Ukraine-war: Joe Biden to visit Poland on Europe trip this week

  • Joe Biden’s Poland trip follows meetings in Belgium with Nato allies, G7 leaders, and EU leaders
  • Poland is a crucial Nato ally in the Ukraine crisis, hosting US troops and taking in people fleeing the war
Ukraine war
Agencies

US President Joe Biden has added a stop in Poland to his trip this week to Europe for urgent talks with Nato and European allies, as Russian forces concentrate their fire upon cities and trapped civilians in a nearly month-old invasion of Ukraine.

On Thursday, Biden is expected to attend special summits of Nato, the EU and the G7 in Brussels. Biden will then to travel to Poland to meet with leaders there, press secretary Jen Psaki said in a statement on Sunday night.

Poland is a crucial ally in the Ukraine crisis. It is hosting thousands of American troops and is taking in more people fleeing the war in Ukraine – more than 2 million – than any other nation in the midst of the largest European refugee crisis in decades.

Biden will head to Warsaw for a bilateral meeting with President Andrzej Duda scheduled for Saturday.

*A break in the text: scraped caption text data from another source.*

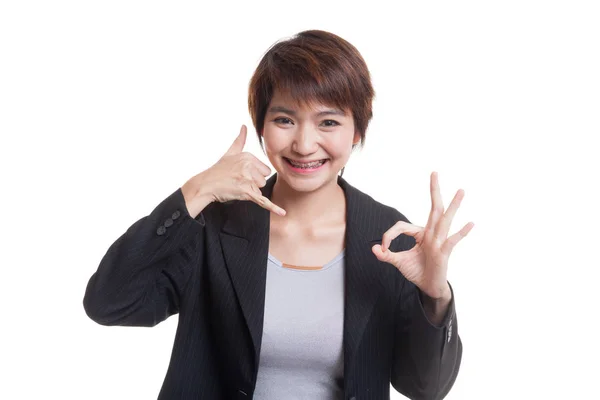 Junge asiatische Frau zeigen mit Telefon Geste und ok Zeichen. — Stockfoto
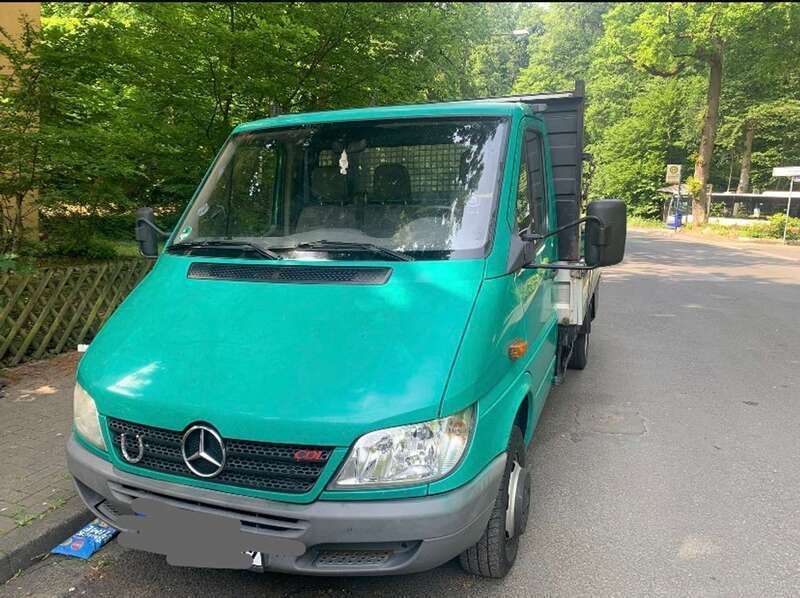 Grün Gebraucht 2005 Mercedes Sprinter Van | 6.950 € (Fairer Preis) - Bild 1/4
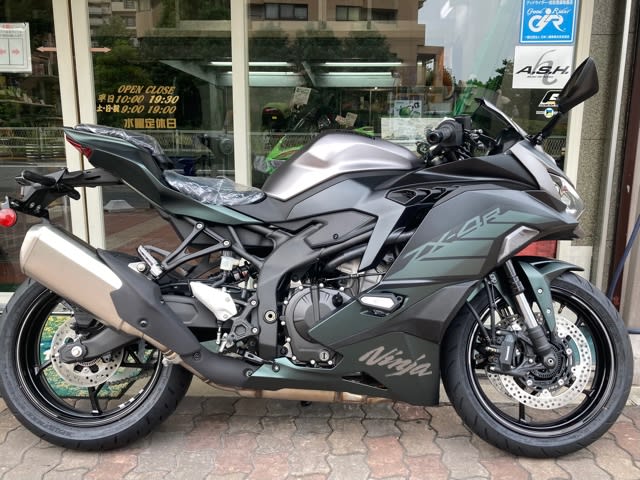 2024/9/3◇2025「ZX-4R SE」グレー×ブラック!当店到着ですっ 2024/9/3◇2025「ZX-4R SE」グレー×ブラック!当店到着ですっ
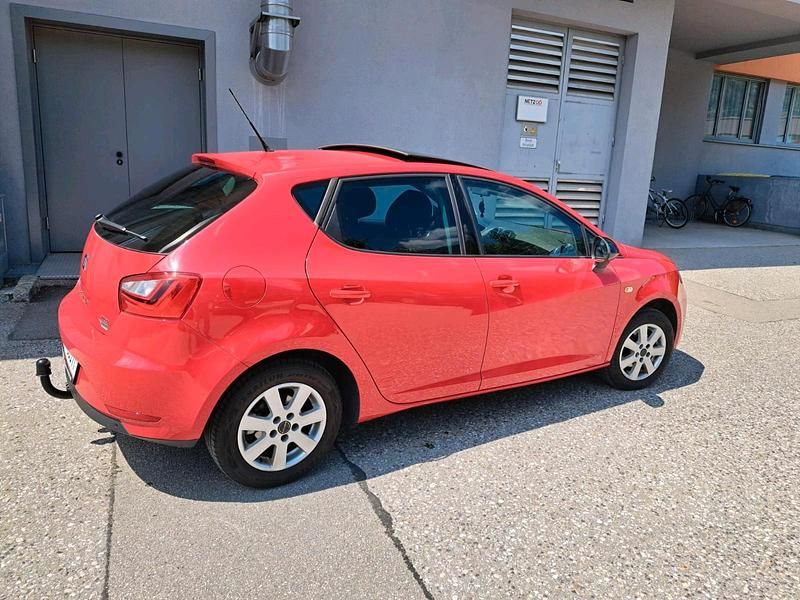 Rot Gebraucht 2015 Seat Ibiza Kleinwagen | 5.090 € - Bild 1/2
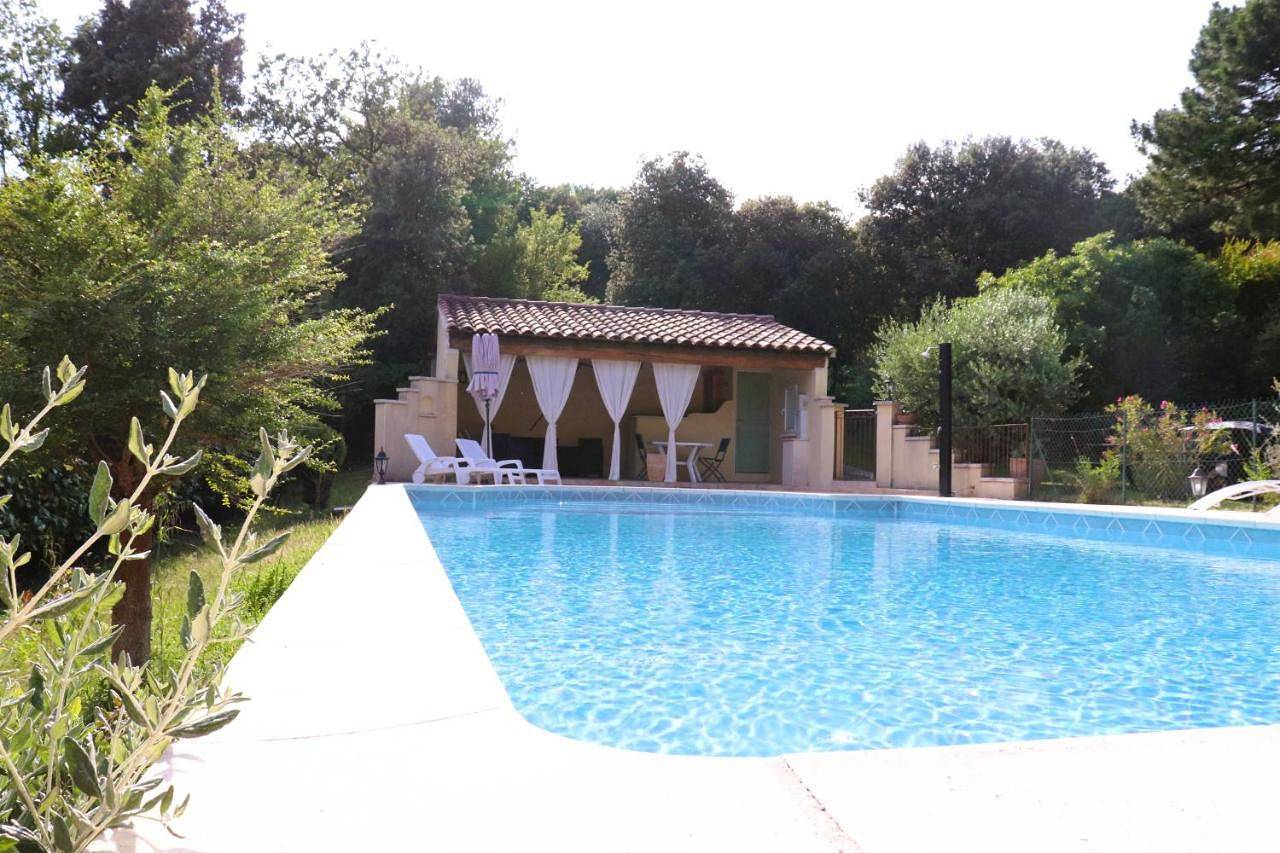 Appartement entier, One-Bedroom Apartment in Mondragon, Vaucluse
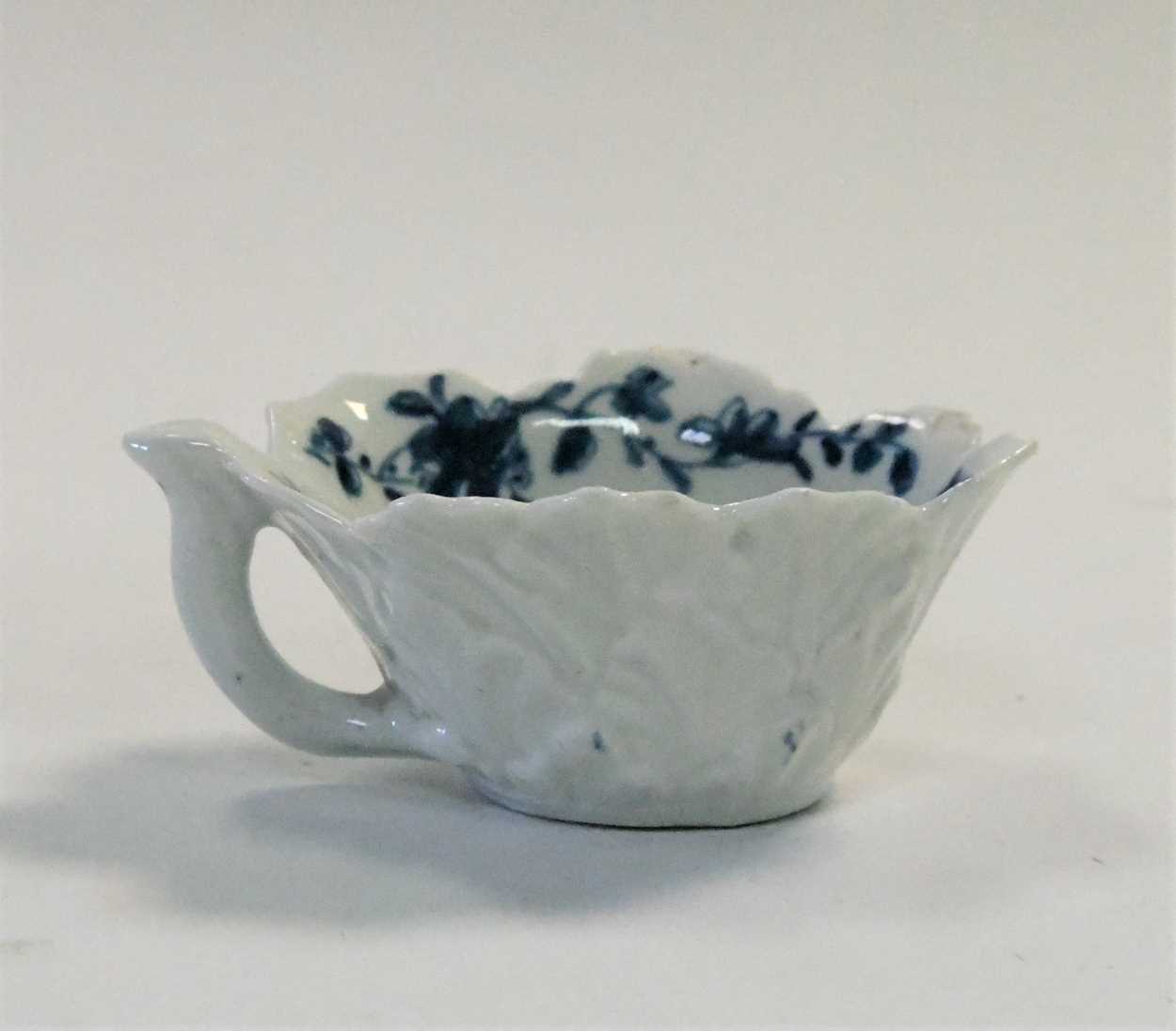 An 18th century Worcester blue and white pickle dish, circa 1755, - Image 2 of 5
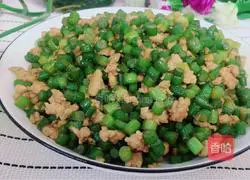 Illustration of how to stir-fry minced meat with garlic moss 7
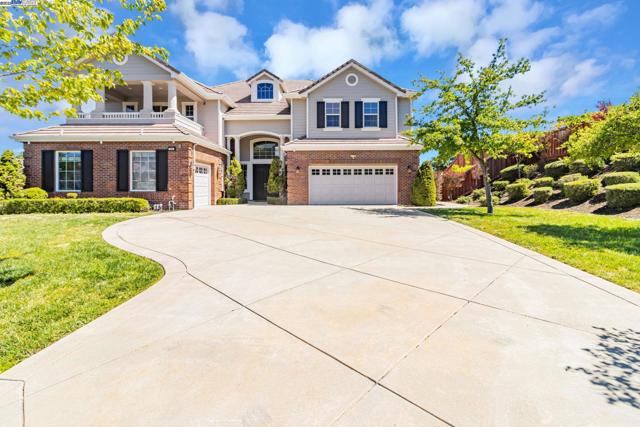 548 Wycombe Ct, San Ramon CA: https://media.crmls.org/mediaz/73ea555c-c8a8-45b9-ab4e-d719a7033a20.jpg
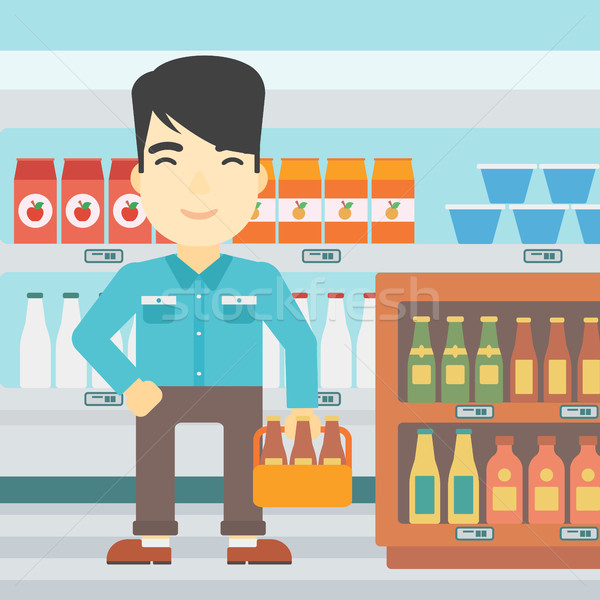 ストックフォト: 男 · パック · ビール · スーパーマーケット · アジア · 立って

Biden will discuss how the US, along with its allies and partners, is responding to “the humanitarian and human rights crisis that Russia’s unjustified and unprovoked war on Ukraine has created,” Psaki said.

On Monday ahead of his trip, Biden will discuss the war with European leaders. President Emmanuel Macron of France, Chancellor Olaf Scholz of Germany, Prime Minister Mario Draghi of Italy and Prime Minister Boris Johnson of the United Kingdom were expected to take part, the White House said.

The US government denied speculation that Biden would also Ukraine in the course of his trip to Europe. US Secretary of State Antony Blinken, while in Poland this month, briefly crossed into neighbouring Ukraine in a show of solidarity alongside that country’s foreign minister, Dmytro Kuleba.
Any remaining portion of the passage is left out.